The entertainment industry—film, stage, radio, music, and their associated branches—was the largest single employer of Central Hollywood’s lodgers in the sample data (see Table 3). Another large group made their living in restaurants, bars, clubs, and hotels. Altogether about half of those lodgers stating an occupation were part of the world of entertainment and “hospitality,” while most of the rest claimed a variety of white- and blue-collar jobs.

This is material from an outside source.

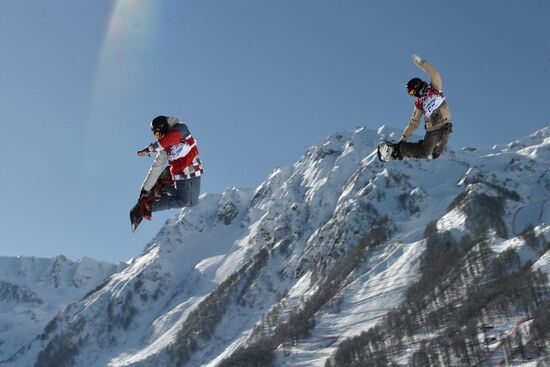 2014 Winter Olympics. Snowboard. Slopestyle. Training sessions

Outside the film industry itself, relatively few followed industrial pursuits although some were already working in the aircraft factories which were becoming a major employer in Los Angeles as the Roosevelt administration boosted military spending. 60 A closer look at seven larger rooming houses offers a clearer picture of the eclectic mix of working-class men and women, mostly single, and mostly in their twenties and thirties, who lived there. (All of the following are male unless otherwise noted or are apparent from the occupational designation.) There were seven waitresses, two waiters, three bartenders, one dishwasher, three busboys, three cooks (one female), one laborer in a restaurant, one counter girl, and one floor girl. The motion picture industry accounted for four actors, one writer, one property man, one truck driver, and one nurseryman. There were four musicians: two in a dance orchestra, one symphonic, and one simply a musician. The remaining occupations comprised four salesmen, one saleslady, two hotel workers, three clerks (one in a drugstore and a husband and wife team in the “political” field), two stenographers (female), a theater usher and a doorman, one routeman in linen supply, one laborer in ice cream manufacturing, one laborer (field not given), one gardener, two housekeepers (female), one school custodian, one painter in home construction, one metal punch operator, one garage night man, two pinsetters in a bowling alley, one magazine illustrator, one public school teacher (female), and one “new worker.” Twenty-three of these sixty-seven lodgers were currently unemployed and looking for work. Five of the lodgers gave no occupation details. 61
Occupational Distribution by Gender, Sample Lodging Data, 1940.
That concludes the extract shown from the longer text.